Other famous people known to have dabbled with the ukulele are Brian May, Joni Mitchell, Jimi Hendrix, David Byrne, Chrissie Hynde, Neil Armstrong, Joe Strummer, Warren Buffet, Loudon Wainwright III, Nellie McKay, Tony Blair and Elvis Presley.

Another somewhat famous person, though not widely-known to have played the ukulele because he began at age 3, was Keith Green.

Tahitian ukulele

The Tahitian ukulele is significantly different from other ukuleles because it does not have a sound box. The body – including the head and neck – is carved from a single piece of wood, with a wide conical hole bored through the middle. At the back, the bore is about 4 cm in diameter; at the front it is about 10 cm in diameter. The hole at the front is covered with a thin piece of wood, on which the bridge sits, so the instrument works rather like a wooden-skinned banjo. Indeed some of these instruments are referred to as Tahitian banjos. The strings are usually made from light-gauge fishing line – usually green in colour (usually around 40-50 lb test).

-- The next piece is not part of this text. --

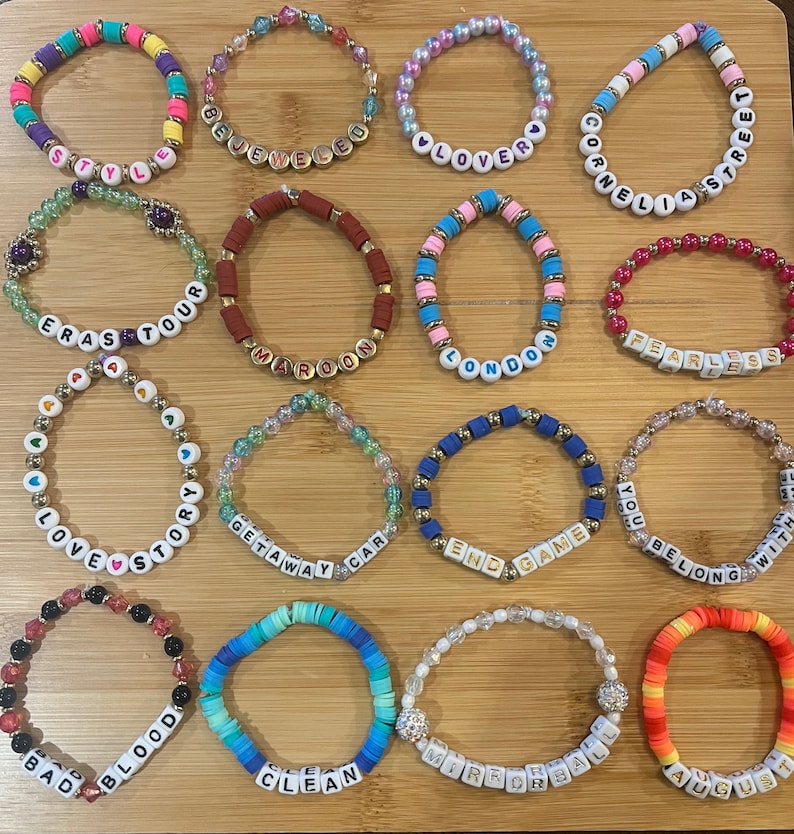 May include: A collection of colorful beaded bracelets with various words spelled out in white letter beads. The bracelets feature a variety of colors, including pink, blue, yellow, and red. Some bracelets have gold accents.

The instrument seems to be a relatively recent invention, popular in eastern Polynesia, particularly French Polynesia. It is reported to have been introduced to the Cook Islands in 1990 by the band Te Ava Piti as a newly invented instrument.

Tuning a Tahitian ukulele

These instruments may have just four strings – or some strings may be paired, so that the instrument has six or eight strings.

The strings or pairs ("courses") are tuned to A6 D6 F#6 B5 or G6 C6 E6 A5 (See for International Pitch Notation codes).

After the Hawaiian ukulele was invented, the Hawaiians referred to a similar, eight-string instrument tuned GCEA as a taro-patch fiddle. Before the invention of the ukulele, taro-patch fiddle referred to the rajão.

Those who are familiar with ukulele chords will find that the same chord shapes will fit these tunings, but that the chords will be transposed and inverted.